RU ∧ RT (right‑unique and right‑total) – each b must be related to exactly one a, which is equivalent to a function B → A. Hence the count is m^{n}.
LU ∧ LT (left‑unique and left‑total) – dually, the count is n^{m}.
RT ∧ LT (both sides total) – the authors give an inclusion‑exclusion expression that counts relations where every row and every column contains at least one 1. Although the formula is more involved, upper and lower bounds are provided to illustrate its growth.

Having established the exact enumeration, the authors turn to probabilistic questions. If a relation is selected uniformly at random from the 2^{mn} possibilities, the probability that it enjoys a given property is simply the ratio of the corresponding count to 2^{mn}. Consequently:

P(RU) = (1 + m)^{n} / 2^{mn}
P(RT) = (2^{m} − 1)^{n} / 2^{mn}
P(RU ∧ RT) = m^{n} / 2^{mn}

The paper analyses the asymptotic behavior of these probabilities when m and n grow. For square sets (m = n) it is shown that P(RU) decays roughly like e·2^{−m}, while P(RT) approaches 1 − e^{−1} as m becomes large. The joint probability P(RU ∧ RT) shrinks even faster, reflecting the rarity of relations that are simultaneously functional‑like and surjective‑like.

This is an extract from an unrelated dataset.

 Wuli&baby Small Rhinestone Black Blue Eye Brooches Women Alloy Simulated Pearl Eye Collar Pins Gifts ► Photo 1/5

In the discussion section, the authors highlight several practical implications. In database theory, constraints such as “every foreign key must reference a primary key” correspond to right‑totality, while “a foreign key must reference at most one primary key” corresponds to right‑uniqueness. The derived formulas thus give exact counts of admissible schema instances under various integrity constraints. In graph theory, binary relations are adjacency matrices of bipartite graphs; RU and LU correspond to matchings, while RT and LT correspond to coverings. The enumeration of partial bijections therefore recovers classic results on the number of matchings, but now expressed in a unified relational framework.

Overall, the paper successfully generalizes the familiar surjection/injection counting results for functions to the broader universe of binary relations. By providing explicit combinatorial formulas, asymptotic probability estimates, and connections to database design and graph algorithms, it offers a valuable toolkit for researchers working at the intersection of combinatorics, theoretical computer science, and information systems.